Quando conversamos no ano seguinte, durante o lançamento de "Rede de Mentiras", o ator parecia muito mais empolgado em falar sobre causas ambientais do que sobre o próprio filme --sem nunca parecer um ecochato. Arriscando (e bem) uma ou outra frase em português, reflexo de seu relacionamento de cinco anos com a modelo brasileira Gisele Bündchen, Leo disparou sobre sustentabilidade ("Vocês no Brasil são pioneiros no uso de etanol como combustível, o que o mundo precisa copiar rápido", ressaltou), aquecimento global e a necessidade de cada um fazer sua parte. Não raro, ele doa vultosas somas em dinheiro para as causas --políticas, ambientais, sociais-- em que acredita, como a campanha do presidente Barak Obama, e também a organizações que lutam pelos direitos das minorias e dos animais.

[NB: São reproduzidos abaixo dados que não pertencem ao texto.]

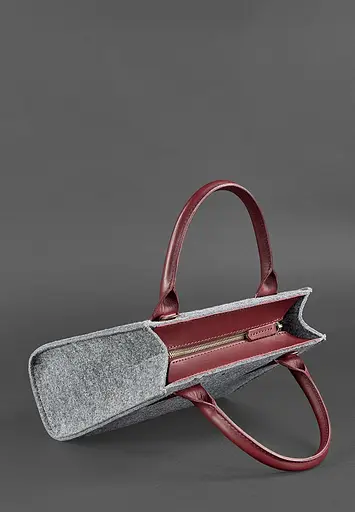 Женская фетровая сумка-кроссбоди Blackwood с кожаными бордовыми вставками. - фото 5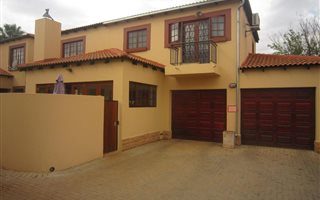 3 Bedroom Townhouse in Raslouw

Sem ostentar luxos como jatos ou gastos excêntricos, Leonardo DiCaprio continua avesso à exposição, e usa sua fama como trampolim para defender o que acredita. Sua única concessão ao estereótipo do "astro de cinema hollywoodiano" talvez seja a coleção de ex-namoradas, quase todas supermodelos, de Gisele à israelense Bar Rafaeli, passando por Erin Heatherton, Toni Garrn e Kelly Rohrbach --embora continue um solteirão convicto.

Entre o futuro do planeta, sua vida amorosa e os vários projetos já engatilhados, ao menos uma preocupação pode parar de rondar o astro na cerimônia do Oscar no próximo dia 28 de fevereiro: a não ser que uma zebra fenomenal cavalgue pelo palco do Kodak Theater, ele deve sair da festa com uma estatueta dourada em mãos. Merecidíssima, já que "O Regresso" é testemunho de suas imensas habilidades como ator.

Não que o Oscar signifique um prêmio máximo e o começo da ladeira abaixo em sua carreira. É mais um reconhecimento sincero de seus pares. E a internet perderá uma de suas fontes favoritas de memes.